Il libro della settimana: Mario Motrin, Sociologia degli
spaghetti, Avistella Edizioni 2012, pp. 220, Euro 18,00 - avistella@libero.it
Perché meravigliarsi? Dopo una Sociologia del tacchino,
uscita qualche anno fa negli Usa, dove il gallinaceo,
naturalmente ripieno e al forno, veniva indagato come
veicolo di una socialità tipicamente WASP, non poteva non uscire
dalla penna dello stesso autore, Mario Motrin, docente di sociologia a Chicago,
un saggio dedicato alla Sociologia degli spaghetti, prontamente tradotto da un
piccolo ma capace editore italiano, Avistella. Piccola premessa per
i filologi della pastasciutta ( e in brodo...): va precisato
che il termine spaghetti, ripreso pari pari dall'edizione originale
(titolo e contenuti), include, simbolicamente,
la "italian paste" lunga e corta.
Per venire al libro, diciamo subito che Motrin, dopo un capitolo
introduttivo dedicato alle origini italiane dei “macaroni products",
si occupa prevalentemente del ruolo svolto dagli spaghetti
all'interno della società americana. E in particolare come
fattore di interazione e integrazione socioculturale tra
la comunità di origine italiana e quella
statunitense nelle sue varie e sorprendenti
sfaccettature. Ma entriamo nel merito.
Ai primi del Novecento gli spaghetti erano considerati volgare cibo
da immigrati. Di qui la scarsa considerazione verso un prodotto
disprezzato dalla cucina ufficiale, legata ai tradizionali
modelli anglo-sassoni. Solo negli anni Quaranta, durante la guerra, gli
spaghetti faranno la loro timida comparsa ufficiale nelle mense militari
e nelle soup inscatolate per le truppe combattenti in Europa, dove i soldati
Usa di origine italiana non erano pochi. Dopo di che, solo attraverso una
lunga marcia che scorrerà parallela a quella dei diritti civili, gli
spaghetti conquisteranno diritto di cittadinanza nelle scuole, nelle
famiglie di origine non italiana e, infine, all’inizio del Terzo Millennio,
nei prestigiosi ristoranti della Grande Mela.

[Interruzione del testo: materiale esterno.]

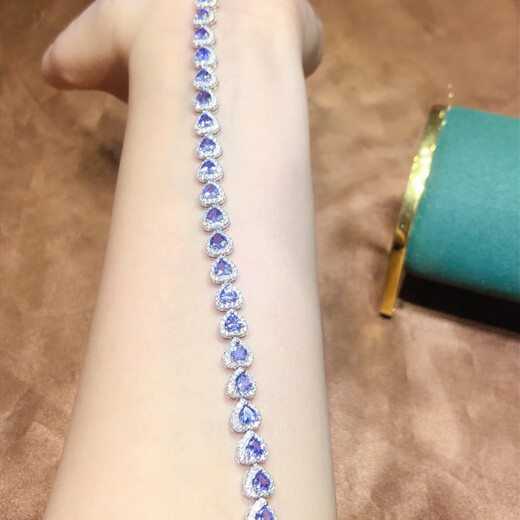 Yixiang natural tanzanite bracelet with alluring purple pure body and sparkling fire. 925 silver precision inlay 4*4mm supports detection. Natural tanzanite bracelet with alluring purple all pure body and sparkling color.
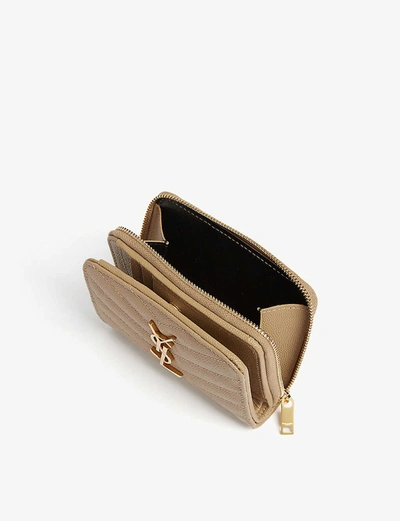 Shop Saint Laurent Monogram Leather Zip-around Wallet In Gold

Motrin dedica un importante capitolo agli spaghetti come
veicolo di legittimazione all’interno della sub-cultura mafiosa. I “bravi
ragazzi” dovevano cibarsi di spaghetti: guai a scegliere altri modelli culinari,
perché si rischiava di essere emarginati. Siamo davanti a
una "regola" attenuatasi fino a scomparire nel
corso degli anni Ottanta del Novecento, quando alle organizzazioni mafiose di
tipo tradizionale iniziarono a sostituirsi
quelle di tipo post-moderno, attente più alla sostanza
che alla forma delle cose.
Concludendo, un libro da leggere, che tuttavia, come
accennato, indaga principalmente l'universo americano. Si tratta di
un aspetto che doveva essere chiarito fin dal titolo. Magari, sostituendo in
copertina alla celebre caricatura di Totò quella di Tony Soprano mentre si
ingozza di spaghetti nell'anticucina del suo villone.